Below this line are records; write out exactly the lines from the one containing "Cute Axolotl Reading" through the one containing "Princess Polly Tie", with the pictures left out.

Data Block Start

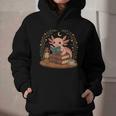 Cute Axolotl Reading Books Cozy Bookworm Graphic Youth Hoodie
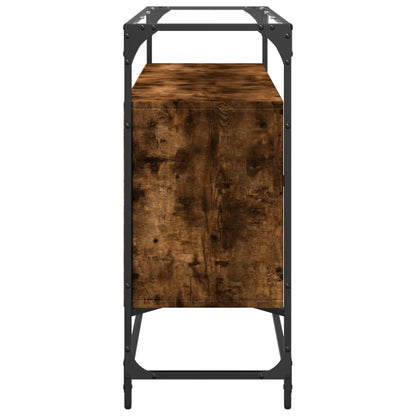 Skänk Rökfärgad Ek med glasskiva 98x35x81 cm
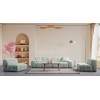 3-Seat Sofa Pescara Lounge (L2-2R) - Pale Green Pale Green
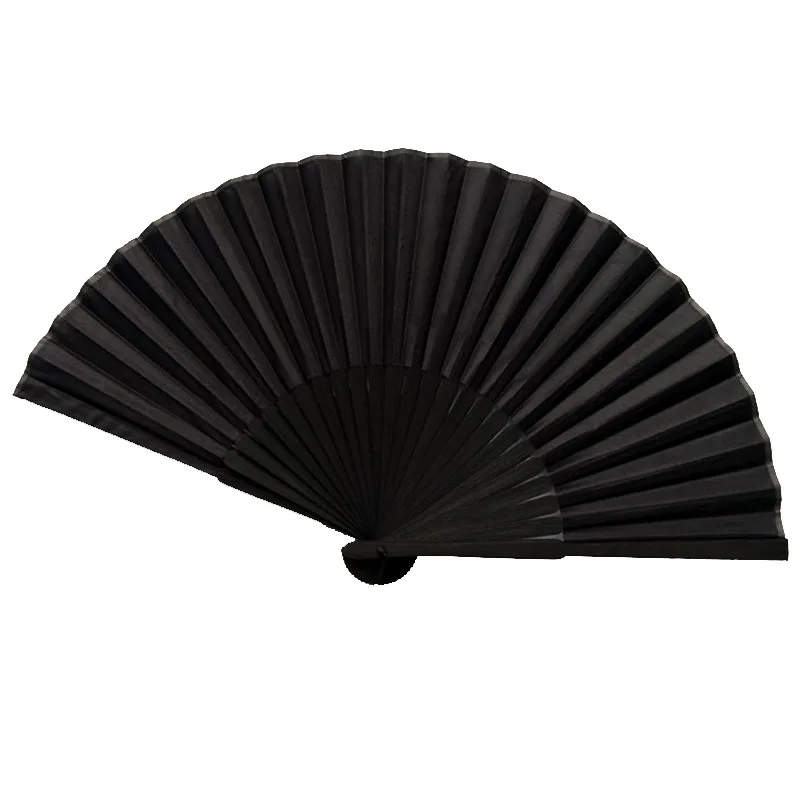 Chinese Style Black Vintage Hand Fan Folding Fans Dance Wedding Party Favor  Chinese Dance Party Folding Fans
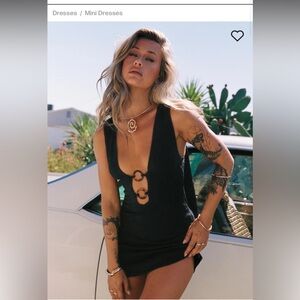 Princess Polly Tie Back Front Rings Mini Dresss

Data Block End
Data Block Start

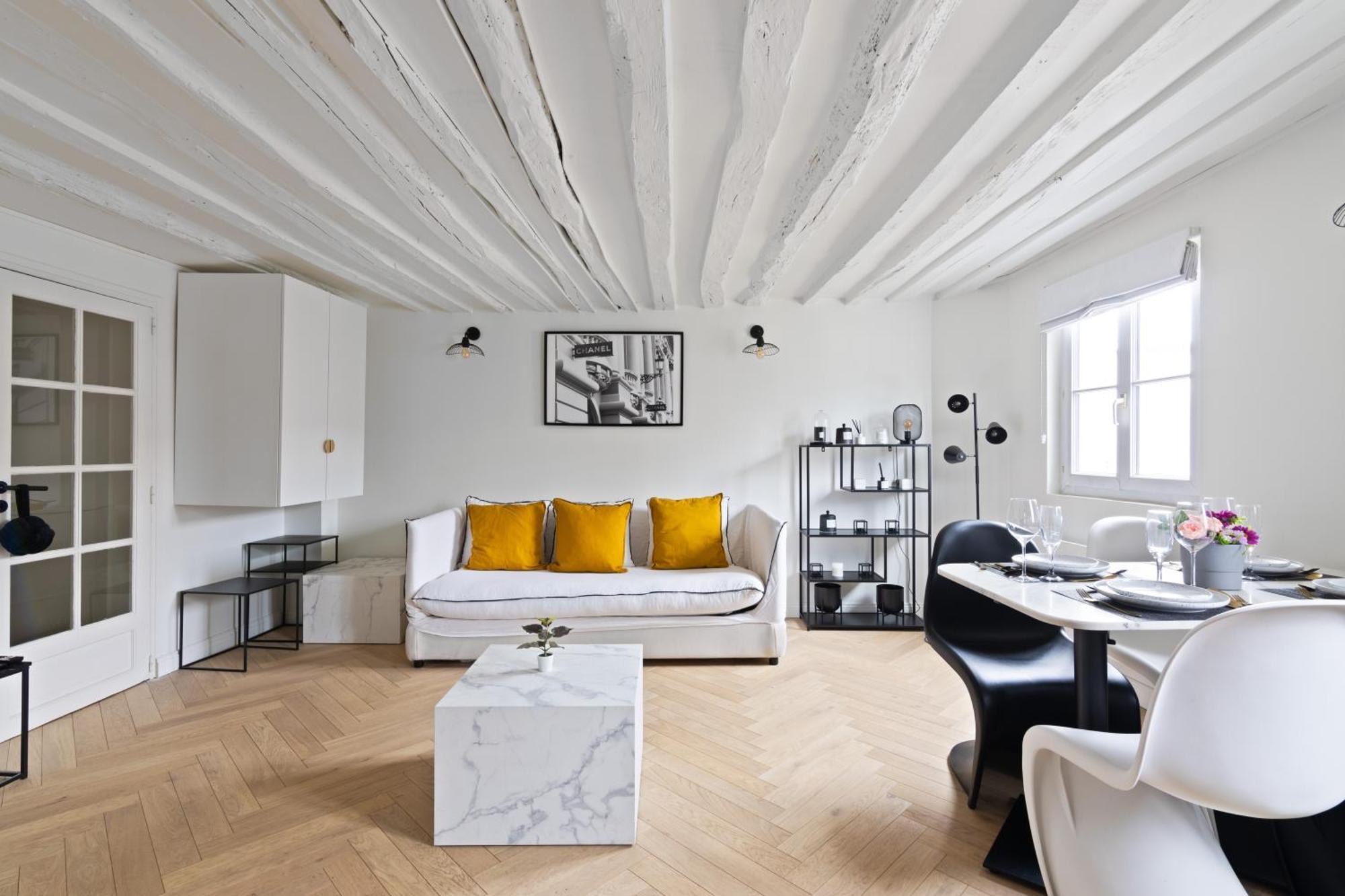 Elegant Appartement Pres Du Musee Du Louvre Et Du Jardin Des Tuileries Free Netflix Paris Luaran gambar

Data Block End
Data Block Start

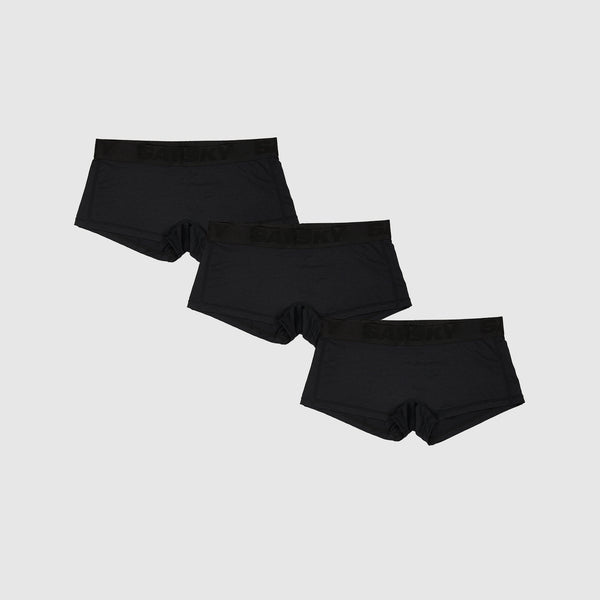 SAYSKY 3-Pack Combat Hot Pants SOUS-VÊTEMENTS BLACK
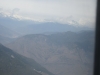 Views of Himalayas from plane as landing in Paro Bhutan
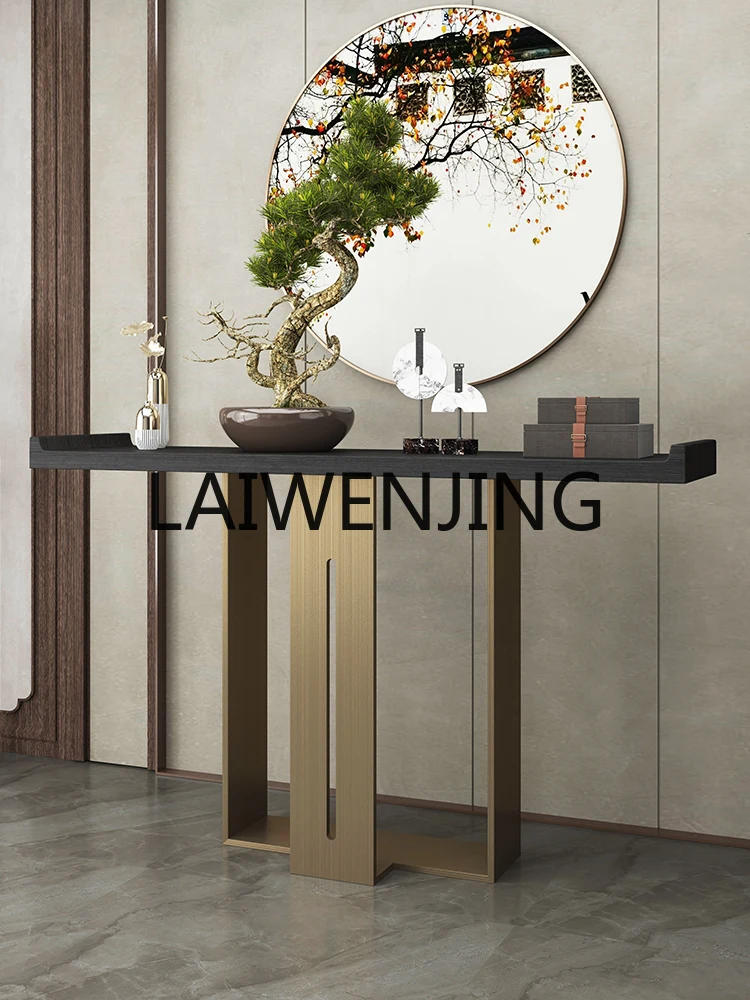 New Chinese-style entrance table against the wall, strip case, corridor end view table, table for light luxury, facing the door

Data Block End

Expected answer:
 Cute Axolotl Reading Books Cozy Bookworm Graphic Youth Hoodie
 Skänk Rökfärgad Ek med glasskiva 98x35x81 cm
 3-Seat Sofa Pescara Lounge (L2-2R) - Pale Green Pale Green
 Chinese Style Black Vintage Hand Fan Folding Fans Dance Wedding Party Favor  Chinese Dance Party Folding Fans
 Princess Polly Tie Back Front Rings Mini Dresss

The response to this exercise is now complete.